Work performance review guide for the New Year

Font Size
Rey Elbo

In The Workplace

had a roller-coaster ride with our supervisors and employees this past year. About 37 (out of 53) of my workers failed to meet their respective targets, which also reflects badly on my work performance as a department head. Top management has given me a last chance to improve our work this coming year, except that I don’t know where to start. From the time that I assumed this post two years ago, my work is dominated by many fire-fighting activities, mostly correcting errors by workers who are not qualified to do their jobs. Can you help me with some ideas that we can use for the New Year? — Back to Basics.

There’s an old story about a scorpion and a frog that could help us understand your work relationship with people. The scorpion wanted to cross the pond to discover other opportunities elsewhere. Knowing that it could not swim, he talked to a frog and begged for his help: “Please, Mr. Frog. Can you help me cross the pond? I can ride on your back and you can carry me to the other side.”

The frog resisted: “I’m sorry, Mr. Scorpion. I must decline your request as you might sting me as we swim across.”

“Why would I do that?” asked the scorpion. “It’s not in my interest to do just that. If I stung you to death, then I will die by drowning.” The frog was convinced by the logic of the scorpion. And so they agreed. The scorpion climbed into the frog’s back, and together they set off across the pond.

In the middle of the pond, the scorpion failed to control himself and stung the frog, who immediately cried in pain: “Why did you sting me? Now, both of us are going to die.” As they both sank, the scorpion uttered his last words: “I’m very sorry. I’m a scorpion and I can’t control myself. I must sting you to death as it’s my nature to sting, no matter the circumstance is.”

Many command-and-control managers think like the scorpion. Most of the time, managers think it’s their nature to directly control the actions of their workers to do what they can so they can reach their performance target. The trouble is that these managers can’t control themselves. They believe they know everything and the workers have no choice but to follow their dictates.

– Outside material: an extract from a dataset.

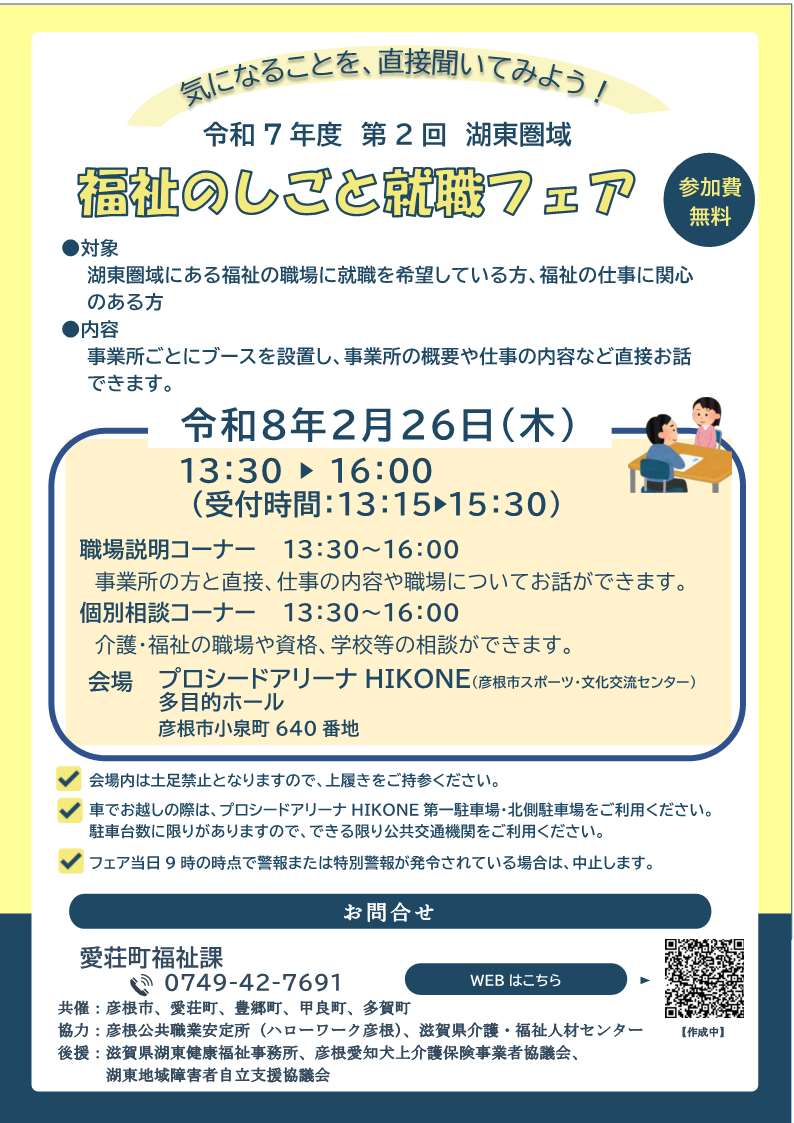 第2回福祉のしごと就職フェア チラシ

Indeed, as a manager it is your responsibility to direct your workers. But that’s only possible if the workers are consulted on the best way to do the job. You can devise reasonable office rules and standard policies to control the workers’ possible unruly inclinations. However, before you can do that, you need the workers’ ideas to make things possible under the principle of co-ownership and shared responsibility.

The words employee empowerment and engagement explain everything, no matter how trite they may have become. If you do it without serious thinking, chances are your efforts will simply go to waste. Besides, you can’t simply apply it to all workers who have different inclinations and needs, depending on where they are coming from.

And so, what can we learn from great managers? If you Google that question, you’ll be directed to the work of Marcus Buckingham in his March 2005 article “What Great Managers Do?” as published by the Harvard Business Review. Buckingham says “there is one quality that sets truly great managers apart from the rest: They discover what is unique about each person and then capitalize on it. Average managers play checkers, while great managers play chess.

“The difference? In checkers, all the pieces are uniform and move in the same way; they are interchangeable. You need to plan and coordinate their movements, certainly, but they all move at the same pace, on parallel paths. In chess, each type of piece moves in a different way, and you can’t play if you don’t know how each piece moves.”

Buckingham uses this argument based on his Gallup-supported research involving 80,000 managers. In playing chess with your workers, he says in First, Break All the Rules (2005) which he coauthored with Curt Coffman, you have to answer the following questions: “Do I know what is expected of me at work? Do I have the materials and equipment I need to do my work right?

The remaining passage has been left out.